Lawrence Sherman is one of the world’s most renowned experts on crime prevention. His use of empirical evidence, mainly derived from randomized field experiments in criminal sanctions and crime prevention, has had a profound impact in policy in the developed world.
He recently developed for the IDB a protocol
designed mainly for people working to reduce crime and improve justice in Latin America, but it discusses principles that can be used anywhere in the world.
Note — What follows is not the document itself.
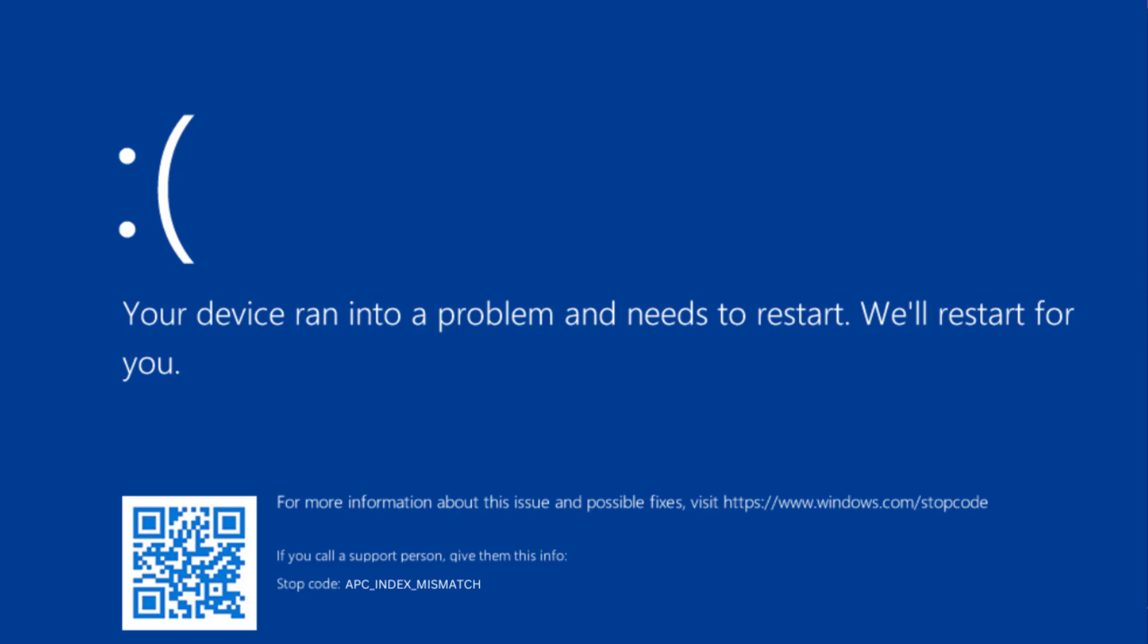Hey friends and welcome back to my channel. This video is about fixing the issue with a BSOD error, your device ran into a problem and needs to restart with stop code APC_INDEX_MISMATCH. So without wasting time, let us go ahead and directly proceed with the resolution.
Those principles can be summarized as evidence-based crime prevention, a process by which good evidence on the facts of crime and its prevention is at the heart of theories and programs for promoting citizen security.
The protocol is based on 10 principles
1. Crime must be measured reliably and precisely by well-audited systems.
2. Crime should be classified in whatever way supports crime prevention.
3. Crime should be analyzed in multiple units, or categories, including offenders, criminal networks, victims, micro-places (hot spots), communities, times, days of the week, and other categories.
4. Priorities for crime prevention should be set within types of units based on the degree of harm caused by different kinds of crime.
5. A power few, or small proportion, of all units of criminal behavior causes most of the harm for most crime types.
6. The efficiency of crime prevention can be greatest when resources are concentrated on the power few units, identified using predictions derived from their past behavior.
7. The effectiveness of crime prevention is best determined by field tests that compare crime rates among people, areas, or other units under different programs.
8. The theory of any crime prevention practice should specify a logical sequence by which the practice produces measureable outputs of action that reduce outcomes of crime or injustice, explaining how and why the practice should prevent crime.
9. The ethics of a crime prevention practice depend not on its success in reducing crime, but on whether the practice a) respects human rights and b) maintains a proportionate balance between the harms of coercion and the harms of crime.
10. The best evidence for developing and improving local crime prevention practices draws on both international impact evaluations and on local crime analyses of all kinds, including assessments of past efforts and predictions of future crime patterns.